At the Car Wash
Today I had 30 minutes to kill whilst I waited for The Lovely to do some banking. Actually, it ended up being more like an hour, but I knew I had 30 minutes for sure. Not enough time to drive out to the lake, which I have been itching to do for a few days now, and obviously not enough time to get in a nap.
: )
So I decided to go to the car wash.
Now, you might not know it to look at me, but when it comes to washing my car, I am this totally ultra-femme girlie-grrl: In other words, I have no desire to get out and actually wash — or as they might say in this town, warsh — my car. When I wash/warsh my car, I want to do it from the comfort of my car.
Which means automatic car washes for me, baby. Preferably ones with attendants, too, so that when I don’t have the correct change, someone is there to save my sorry ass.
I have had some issues with certain car washes, too. I have an ugly black smudge on the front left bumper from the nasty car wash out by Booger King; matter of fact, I completely avoid all of those places where you have to drive your car onto any kind of track, as I apparently am incapable of navigating my way through them.
I also have an issue with my driver’s side window: It leaks. It has always leaked. Probably, if it had been the one to get shattered by that rock last summer instead of the passenger-side window, it would no longer leak because I would have gotten a new window ... but, it didn’t; and, I didn’t; so, it still does. Which means I have to whip out the Kleenex every time the high-powered spray comes by or end up with a completely soaked seat belt and left shoulder.

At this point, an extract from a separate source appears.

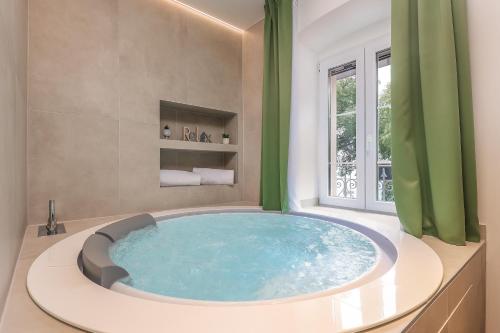 里耶卡Ribica Luxury Rooms的带窗户的浴室内的大蓝色浴缸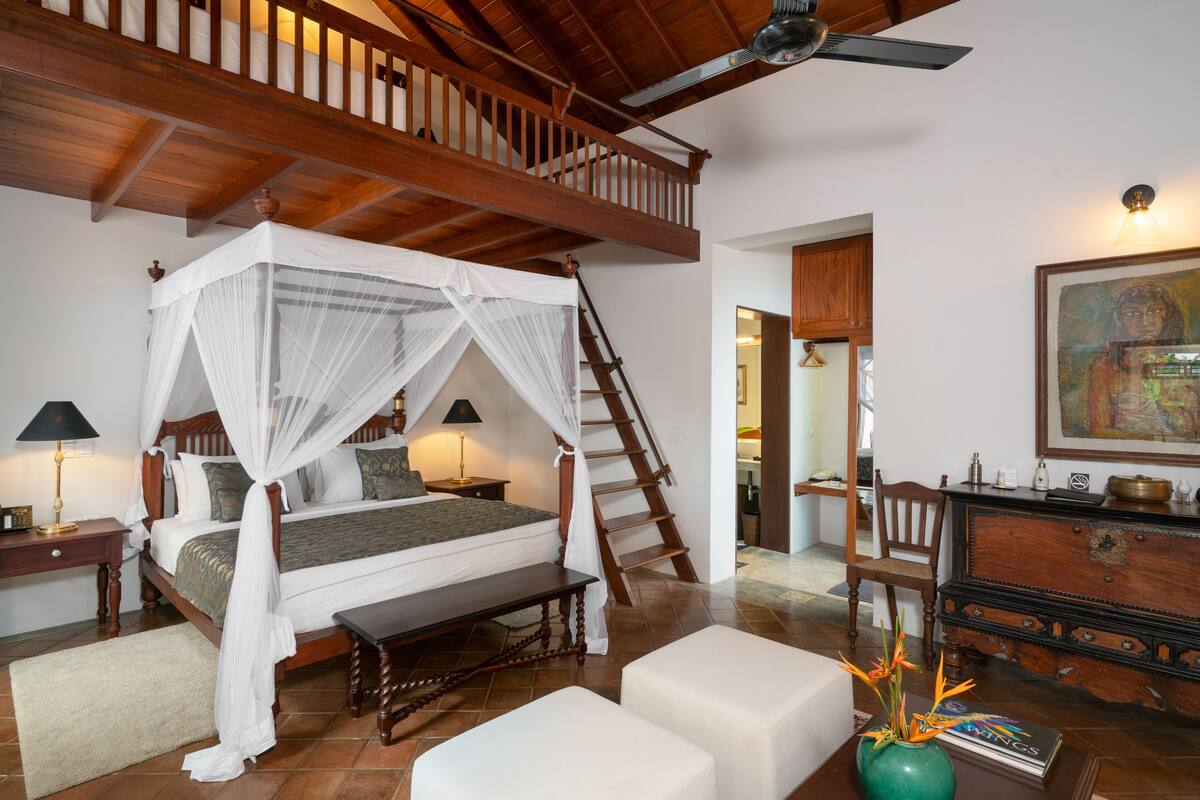 A bedroom with a four-poster bed, wooden staircase, and a desk with a chair.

Trouble is, the fully automatic car wash takes about 10 minutes, tops, and I had 30 minutes to kill. Plus, truthfully, there are times when you want more from a car wash; in other words, the birds in my ’hood have been hitting the mulberries pretty hard, which means their daily target practice on my car has taken on a definitely more, uhm, colorful tone.

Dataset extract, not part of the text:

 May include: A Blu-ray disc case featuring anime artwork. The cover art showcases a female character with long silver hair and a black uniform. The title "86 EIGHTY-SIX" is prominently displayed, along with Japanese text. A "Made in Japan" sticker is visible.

I decided to check out my town’s newest car wash: The Dirtbuster!
It is located only two doors down from my regular car wash, on West Main Street. And I wasn’t too keen on washing my car right out on Main Street, but ... what the heck, anyone could see my car needed a good washin’/warshin’.
I crammed a $5 bill into the slot: 20 minutes. Perfect, considering I had spent at least 5 minutes deciding where to wash my car!

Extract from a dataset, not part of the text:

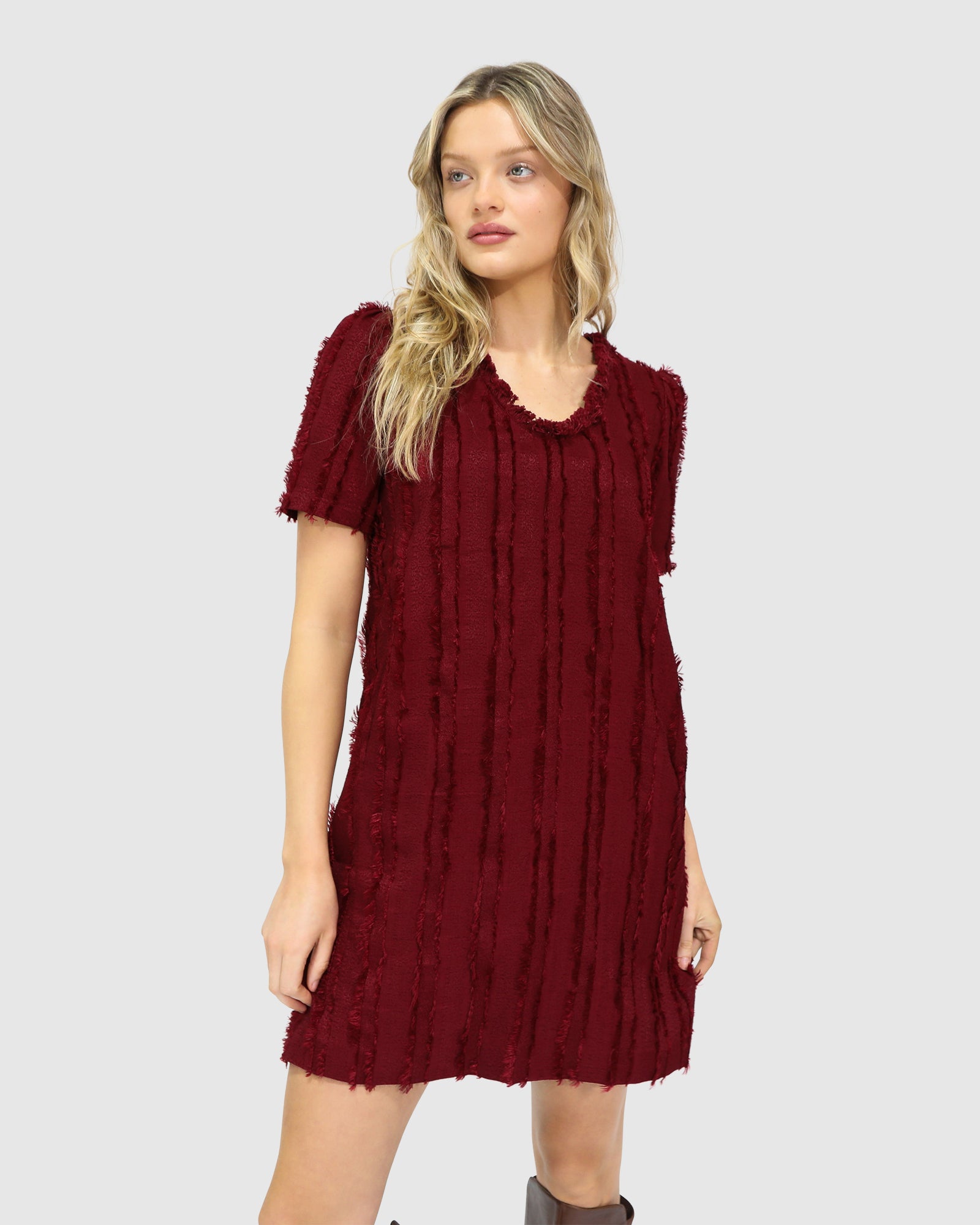 Woman wearing Belle & Bloom's burgundy-coloured Solana Boho Fringe Mini Shift Dress with a frayed V-neckline, textured sleeveless shift silhouette, side-seam pockets, and subtle fringe detail at the hem.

I put my car through the cycles: Pre-soak, tire cleaner, wash, rinse, tri-something or other (some kind of pleasant-smelling foamy stuff that spurted out of a little handgun-looking thingie), rinse, clear-coat, rinse and the spot-free rinse. Everything but the foamy brush. (I’ve heard that evil rocks can lurk in the bristles of the foamy brush. Avoid at all costs, or risk the ultimate peril!)
Midway through the second rinse cycle, I decided I was liking this car wash action. With my spraying wand, I felt a little like The Terminator, obliterating all the baked-on bird shit splotches and bug guts — well, until I would get tangled up in the hose that followed me and my weapon ’round and ’round the bay. I held the tri-something sprayer with two hands, Vic Mackey style, like I was bustin’ in on some gangstahs or sum’m sum’m (or however it’s spellt).
I must admit, ’twas kinda fun!
Plus my car looks awesome for the 24 hours or so after a good cleansing. Oh, it won’t last: I don’t have a garage ... which has always been my reasoning for not washing my car more often, ’cause it’s just gonna get messed up again, anyway ... which, actually, is all the more reason to wash it even more often than if I did keep it in a garage, now that I think about it.
Who knows, I had so much fun today, I might start going to the car warsh more often.